┌──

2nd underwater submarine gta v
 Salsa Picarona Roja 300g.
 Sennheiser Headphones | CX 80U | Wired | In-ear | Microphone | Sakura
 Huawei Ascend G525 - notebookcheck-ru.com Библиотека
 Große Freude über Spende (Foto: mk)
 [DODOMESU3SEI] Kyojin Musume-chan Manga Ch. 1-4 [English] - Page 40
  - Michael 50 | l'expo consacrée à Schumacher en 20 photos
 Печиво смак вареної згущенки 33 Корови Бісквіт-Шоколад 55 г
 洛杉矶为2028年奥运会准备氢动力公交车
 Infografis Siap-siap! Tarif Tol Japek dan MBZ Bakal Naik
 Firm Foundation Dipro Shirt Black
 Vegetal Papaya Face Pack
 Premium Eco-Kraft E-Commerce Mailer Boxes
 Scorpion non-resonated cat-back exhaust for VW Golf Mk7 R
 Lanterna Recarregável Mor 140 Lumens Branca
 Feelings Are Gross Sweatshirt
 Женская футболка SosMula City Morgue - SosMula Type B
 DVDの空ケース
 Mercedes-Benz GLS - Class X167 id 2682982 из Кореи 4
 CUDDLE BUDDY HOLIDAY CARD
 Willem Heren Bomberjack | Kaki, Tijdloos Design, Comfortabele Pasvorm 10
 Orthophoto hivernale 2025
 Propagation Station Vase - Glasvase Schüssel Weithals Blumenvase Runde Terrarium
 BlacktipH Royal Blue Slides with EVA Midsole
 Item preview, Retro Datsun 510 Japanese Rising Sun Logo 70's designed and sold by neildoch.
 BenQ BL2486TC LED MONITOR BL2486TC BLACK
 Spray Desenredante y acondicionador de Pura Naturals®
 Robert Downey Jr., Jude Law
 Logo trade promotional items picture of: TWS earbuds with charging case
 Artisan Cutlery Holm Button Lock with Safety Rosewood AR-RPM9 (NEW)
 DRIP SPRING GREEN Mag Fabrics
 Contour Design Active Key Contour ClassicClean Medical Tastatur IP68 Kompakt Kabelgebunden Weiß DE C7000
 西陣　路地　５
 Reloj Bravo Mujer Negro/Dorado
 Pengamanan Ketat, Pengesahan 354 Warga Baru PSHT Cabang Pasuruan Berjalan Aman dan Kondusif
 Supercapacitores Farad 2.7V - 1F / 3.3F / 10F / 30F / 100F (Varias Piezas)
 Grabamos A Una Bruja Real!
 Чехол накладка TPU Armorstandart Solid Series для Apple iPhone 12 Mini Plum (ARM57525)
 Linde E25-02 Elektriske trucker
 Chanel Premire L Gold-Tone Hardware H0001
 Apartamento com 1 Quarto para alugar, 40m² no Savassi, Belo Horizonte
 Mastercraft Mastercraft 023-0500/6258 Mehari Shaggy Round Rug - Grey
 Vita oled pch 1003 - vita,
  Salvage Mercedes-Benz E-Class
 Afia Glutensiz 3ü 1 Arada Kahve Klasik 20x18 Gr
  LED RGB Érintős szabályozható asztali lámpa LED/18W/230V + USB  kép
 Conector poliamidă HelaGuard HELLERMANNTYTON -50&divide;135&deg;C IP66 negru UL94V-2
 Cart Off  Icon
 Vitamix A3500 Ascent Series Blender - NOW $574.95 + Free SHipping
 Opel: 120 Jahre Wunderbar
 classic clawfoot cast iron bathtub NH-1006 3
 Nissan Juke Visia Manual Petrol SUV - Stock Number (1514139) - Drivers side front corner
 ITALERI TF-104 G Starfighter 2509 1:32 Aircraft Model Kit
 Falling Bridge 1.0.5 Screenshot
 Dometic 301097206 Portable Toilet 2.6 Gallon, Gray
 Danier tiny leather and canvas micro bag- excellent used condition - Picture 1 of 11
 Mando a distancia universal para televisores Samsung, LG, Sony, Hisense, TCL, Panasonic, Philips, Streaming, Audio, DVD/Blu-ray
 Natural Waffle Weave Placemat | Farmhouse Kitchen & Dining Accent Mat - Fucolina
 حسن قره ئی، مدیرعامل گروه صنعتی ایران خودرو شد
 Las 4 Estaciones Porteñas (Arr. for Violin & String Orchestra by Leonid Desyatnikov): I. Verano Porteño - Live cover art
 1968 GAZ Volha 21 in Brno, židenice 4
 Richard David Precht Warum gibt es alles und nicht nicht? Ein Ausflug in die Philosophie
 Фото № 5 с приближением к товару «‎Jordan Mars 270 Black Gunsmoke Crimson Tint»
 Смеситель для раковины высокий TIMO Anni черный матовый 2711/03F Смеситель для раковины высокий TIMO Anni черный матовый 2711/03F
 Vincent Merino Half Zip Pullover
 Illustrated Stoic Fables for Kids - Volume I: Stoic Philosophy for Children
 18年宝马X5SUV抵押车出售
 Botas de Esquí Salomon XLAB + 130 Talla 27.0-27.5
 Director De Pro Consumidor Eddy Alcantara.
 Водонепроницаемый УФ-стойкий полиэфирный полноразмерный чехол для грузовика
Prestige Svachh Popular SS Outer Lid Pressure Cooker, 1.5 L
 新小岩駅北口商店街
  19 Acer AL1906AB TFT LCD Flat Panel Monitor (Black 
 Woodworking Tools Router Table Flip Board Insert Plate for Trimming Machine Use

└──

YOUR TASK — All of the material above is to be retyped word for word.

SOLUTION —
2nd underwater submarine gta v
 Salsa Picarona Roja 300g.
 Sennheiser Headphones | CX 80U | Wired | In-ear | Microphone | Sakura
 Huawei Ascend G525 - notebookcheck-ru.com Библиотека
 Große Freude über Spende (Foto: mk)
 [DODOMESU3SEI] Kyojin Musume-chan Manga Ch. 1-4 [English] - Page 40
  - Michael 50 | l'expo consacrée à Schumacher en 20 photos
 Печиво смак вареної згущенки 33 Корови Бісквіт-Шоколад 55 г
 洛杉矶为2028年奥运会准备氢动力公交车
 Infografis Siap-siap! Tarif Tol Japek dan MBZ Bakal Naik
 Firm Foundation Dipro Shirt Black
 Vegetal Papaya Face Pack
 Premium Eco-Kraft E-Commerce Mailer Boxes
 Scorpion non-resonated cat-back exhaust for VW Golf Mk7 R
 Lanterna Recarregável Mor 140 Lumens Branca
 Feelings Are Gross Sweatshirt
 Женская футболка SosMula City Morgue - SosMula Type B
 DVDの空ケース
 Mercedes-Benz GLS - Class X167 id 2682982 из Кореи 4
 CUDDLE BUDDY HOLIDAY CARD
 Willem Heren Bomberjack | Kaki, Tijdloos Design, Comfortabele Pasvorm 10
 Orthophoto hivernale 2025
 Propagation Station Vase - Glasvase Schüssel Weithals Blumenvase Runde Terrarium
 BlacktipH Royal Blue Slides with EVA Midsole
 Item preview, Retro Datsun 510 Japanese Rising Sun Logo 70's designed and sold by neildoch.
 BenQ BL2486TC LED MONITOR BL2486TC BLACK
 Spray Desenredante y acondicionador de Pura Naturals®
 Robert Downey Jr., Jude Law
 Logo trade promotional items picture of: TWS earbuds with charging case
 Artisan Cutlery Holm Button Lock with Safety Rosewood AR-RPM9 (NEW)
 DRIP SPRING GREEN Mag Fabrics
 Contour Design Active Key Contour ClassicClean Medical Tastatur IP68 Kompakt Kabelgebunden Weiß DE C7000
 西陣　路地　５
 Reloj Bravo Mujer Negro/Dorado
 Pengamanan Ketat, Pengesahan 354 Warga Baru PSHT Cabang Pasuruan Berjalan Aman dan Kondusif
 Supercapacitores Farad 2.7V - 1F / 3.3F / 10F / 30F / 100F (Varias Piezas)
 Grabamos A Una Bruja Real!
 Чехол накладка TPU Armorstandart Solid Series для Apple iPhone 12 Mini Plum (ARM57525)
 Linde E25-02 Elektriske trucker
 Chanel Premire L Gold-Tone Hardware H0001
 Apartamento com 1 Quarto para alugar, 40m² no Savassi, Belo Horizonte
 Mastercraft Mastercraft 023-0500/6258 Mehari Shaggy Round Rug - Grey
 Vita oled pch 1003 - vita,
  Salvage Mercedes-Benz E-Class
 Afia Glutensiz 3ü 1 Arada Kahve Klasik 20x18 Gr
  LED RGB Érintős szabályozható asztali lámpa LED/18W/230V + USB  kép
 Conector poliamidă HelaGuard HELLERMANNTYTON -50&divide;135&deg;C IP66 negru UL94V-2
 Cart Off  Icon
 Vitamix A3500 Ascent Series Blender - NOW $574.95 + Free SHipping
 Opel: 120 Jahre Wunderbar
 classic clawfoot cast iron bathtub NH-1006 3
 Nissan Juke Visia Manual Petrol SUV - Stock Number (1514139) - Drivers side front corner
 ITALERI TF-104 G Starfighter 2509 1:32 Aircraft Model Kit
 Falling Bridge 1.0.5 Screenshot
 Dometic 301097206 Portable Toilet 2.6 Gallon, Gray
 Danier tiny leather and canvas micro bag- excellent used condition - Picture 1 of 11
 Mando a distancia universal para televisores Samsung, LG, Sony, Hisense, TCL, Panasonic, Philips, Streaming, Audio, DVD/Blu-ray
 Natural Waffle Weave Placemat | Farmhouse Kitchen & Dining Accent Mat - Fucolina
 حسن قره ئی، مدیرعامل گروه صنعتی ایران خودرو شد
 Las 4 Estaciones Porteñas (Arr. for Violin & String Orchestra by Leonid Desyatnikov): I. Verano Porteño - Live cover art
 1968 GAZ Volha 21 in Brno, židenice 4
 Richard David Precht Warum gibt es alles und nicht nicht? Ein Ausflug in die Philosophie
 Фото № 5 с приближением к товару «‎Jordan Mars 270 Black Gunsmoke Crimson Tint»
 Смеситель для раковины высокий TIMO Anni черный матовый 2711/03F Смеситель для раковины высокий TIMO Anni черный матовый 2711/03F
 Vincent Merino Half Zip Pullover
 Illustrated Stoic Fables for Kids - Volume I: Stoic Philosophy for Children
 18年宝马X5SUV抵押车出售
 Botas de Esquí Salomon XLAB + 130 Talla 27.0-27.5
 Director De Pro Consumidor Eddy Alcantara.
 Водонепроницаемый УФ-стойкий полиэфирный полноразмерный чехол для грузовика
Prestige Svachh Popular SS Outer Lid Pressure Cooker, 1.5 L
 新小岩駅北口商店街
  19 Acer AL1906AB TFT LCD Flat Panel Monitor (Black 
 Woodworking Tools Router Table Flip Board Insert Plate for Trimming Machine Use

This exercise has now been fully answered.